Contudo, do outro lado da barricada ideológica, a miopia não é necessariamente menor. É certo que aqueles que permanecem defensores do “consenso de Washington” têm a seu favor o facto de ser difícil imaginar maiores custos sociais do que aqueles que resultaram da hiper-inflação dos anos 80 (com taxas acima dos 1.000% ao ano) em países como a Argentina, o Brasil, o Peru ou a Bolívia. Contudo, seria um erro sobrestimar os feitos ou subestimar os efeitos perversos daquilo que se que se seguiu, por exemplo, no caso da Bolívia: o esforço mais drástico de liberalização económica em toda a América Latina. Ao contrário daquilo que vão prometendo aqueles que encaram o crescimento económico com um fim em si mesmo, a distribuição dos seus benefícios foi de tal modo assimétrica que, para alguns sectores da população, não existiram de todo. Apesar da pobreza na Bolívia ter, até 2000, diminuído entre a população urbana, ela atinge hoje, exactamente como há vinte anos, mais de 80% da população rural (1). Ao mesmo tempo – e mais importante ainda — a pulverização dos anteriormente poderosos sindicatos, resultado das privatizações, acabou também por desarticular a única base institucionalizada de representação dos interesses das camadas sociais mais desfavorecidas e, logo, por aumentar a margem de manobra de uma das classes políticas mais oligárquicas de toda a América Latina, que repartiu uma grande parte dos benefícios do crescimento na base de um modelo predominantemente neo-patrimonialista. Repetiu-se, assim, uma história já conhecida: a de como, em sociedades com baixos níveis de desenvolvimento económico e institucional, a “receita” da liberalização económica acaba por quebrar as já ténues ligações entre a sociedade e o poder político e por abrir novas oportunidades para o clientelismo. No caso concreto da Bolívia, a proibição da cultura da coca, as fortes tradições de mobilização social do campesinato e a inusitada violência com que o regime lhe foi respondendo trataram do resto.

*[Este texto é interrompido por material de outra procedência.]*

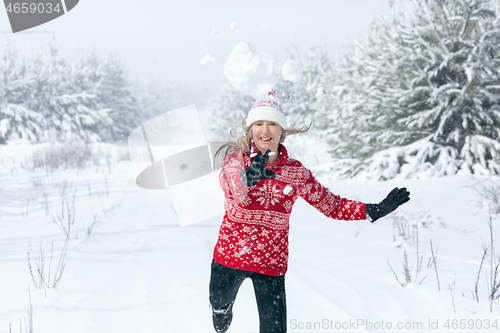Image of Snowball flying through the air as it leaves womans hands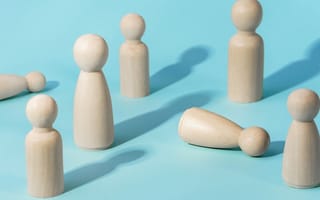 Wooden figurines are pictured against a blue background.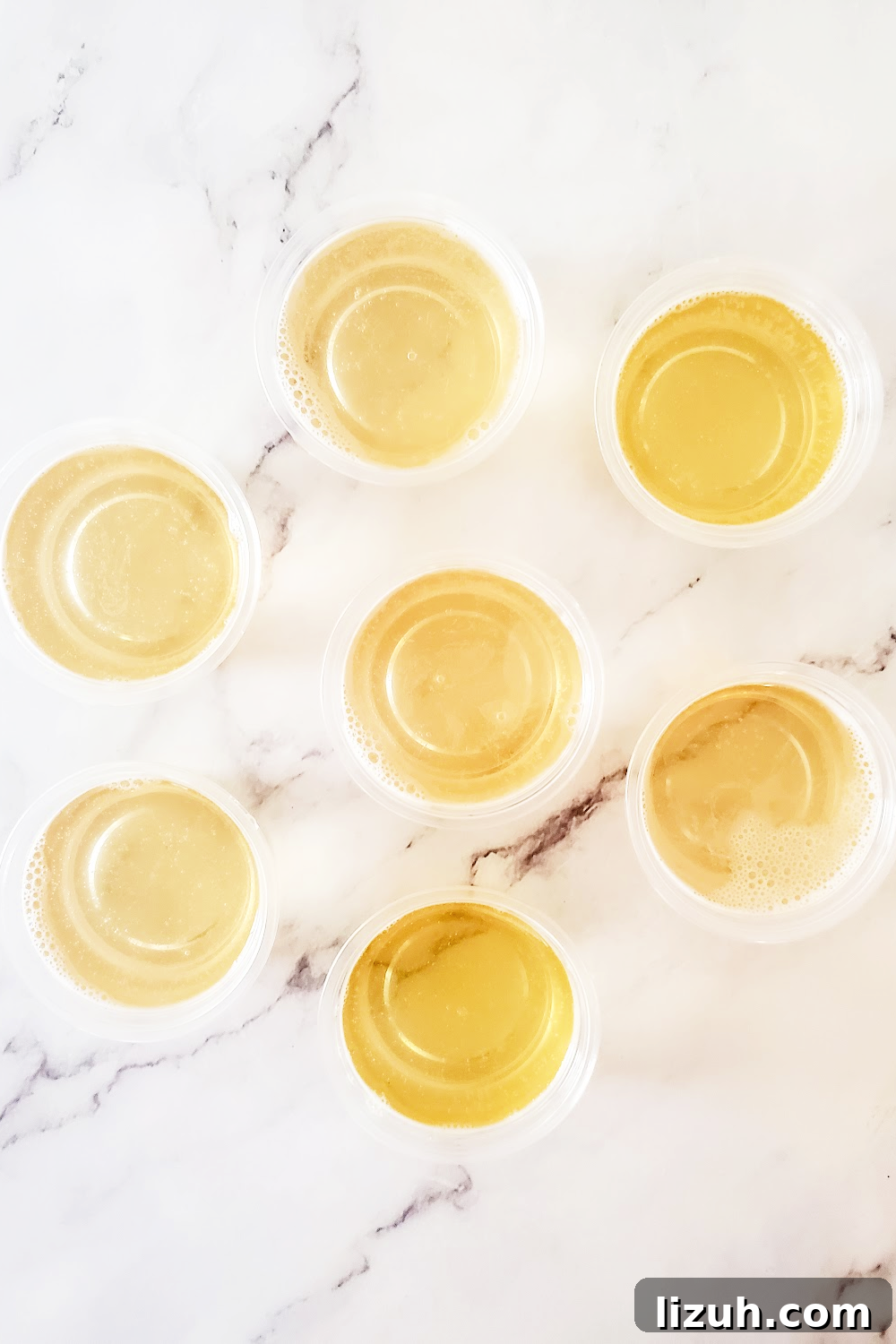 Adding the champagne mixture to the jello shot cups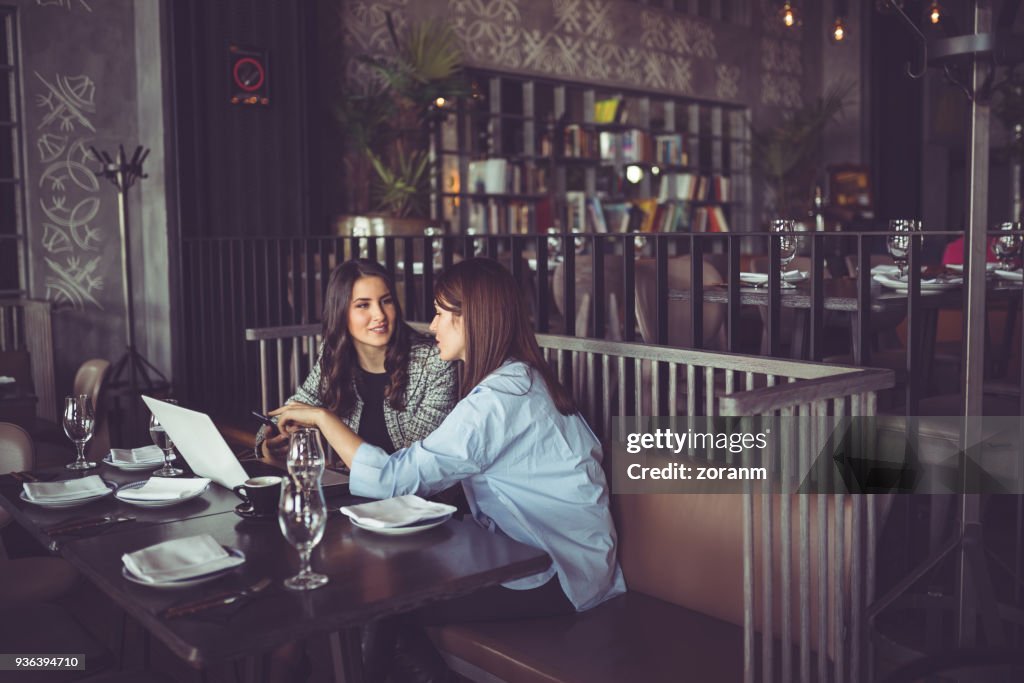 Coworkers in restaurant, using laptop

Logo, em vez de perderem tempo a lamentar o “populismo de esquerda” e as suas previsíveis consequências desastrosas, os defensores do defunto “consenso de Washington” fariam talvez melhor em ponderar exactamente como, quando e por quem foram criadas as oportunidades para a emergência de empreendedores políticos que, agora, são capazes de mobilizar na pior direcção o profundo desalento e cinismo político que atinge os cidadãos de vários países da América Latina. E desta vez, é favor evitar a receita do costume.

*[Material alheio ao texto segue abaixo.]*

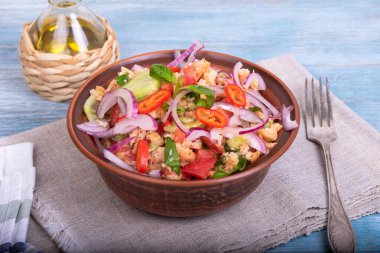 Ev yapımı Tuscan panzanella salatası. Masada çatal ve bir sürahi zeytinyağı var. Yakın plan.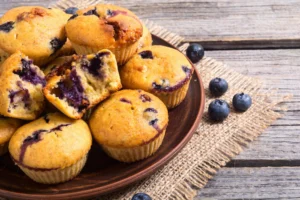 Freshly baked blueberry cheesecake muffins topped with blueberries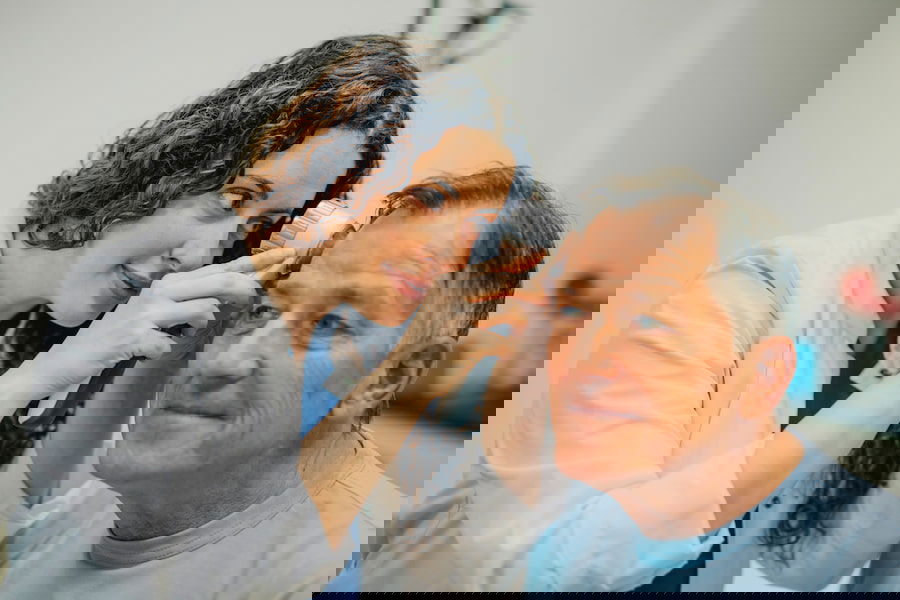 Ärztin untersucht die Haut im Gesicht eines Mannes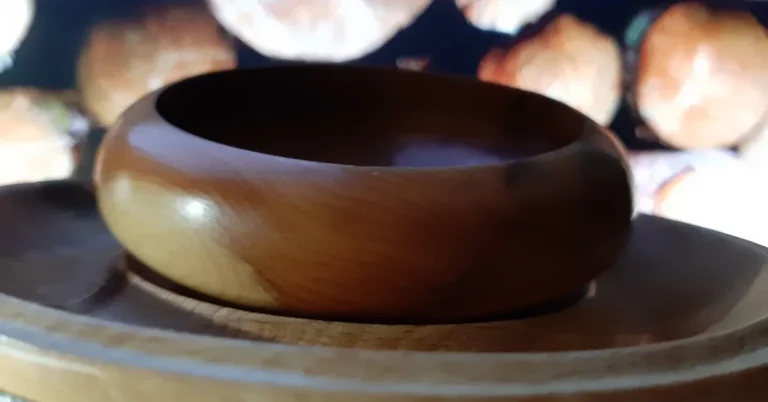 Freshly turned wood bowl on a lathe, showing the even wall thickness that helps prevent cracking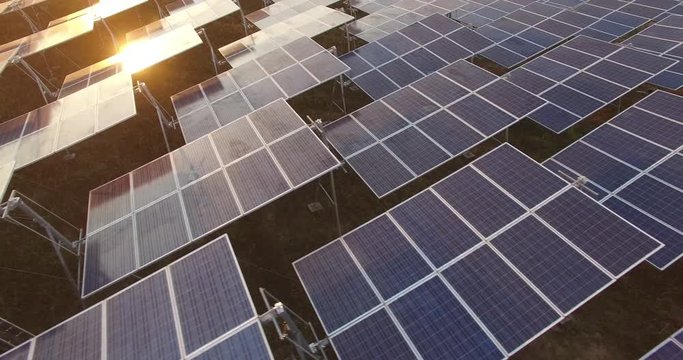 4K Aerial view of Solar Panels Farm (solar cell) with sunlight.Drone flight fly over solar panels field renewable green alternative energy concept in Thailand.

(1) Em 2002, 42,2% da população da Bolívia vivia com menos de $2,15 por dia a preços de 1993 (PPP). Em Portugal, essa percentagem, em 1994 (o Banco Mundial, a fonte que tenho à mão neste momento, não tem dados posteriores), era de 2%. No Brasil, em 2003, 21,3%. Com esta definição, se todos os milionários que vivem nos Estados Unidos se mudassem para a Bolívia, o "nível de pobreza" da Bolívia não "disparava", mas passava de uns chocantes 42% para uns igualmente chocantes 34%. Há brincadeiras que não têm graça nenhuma.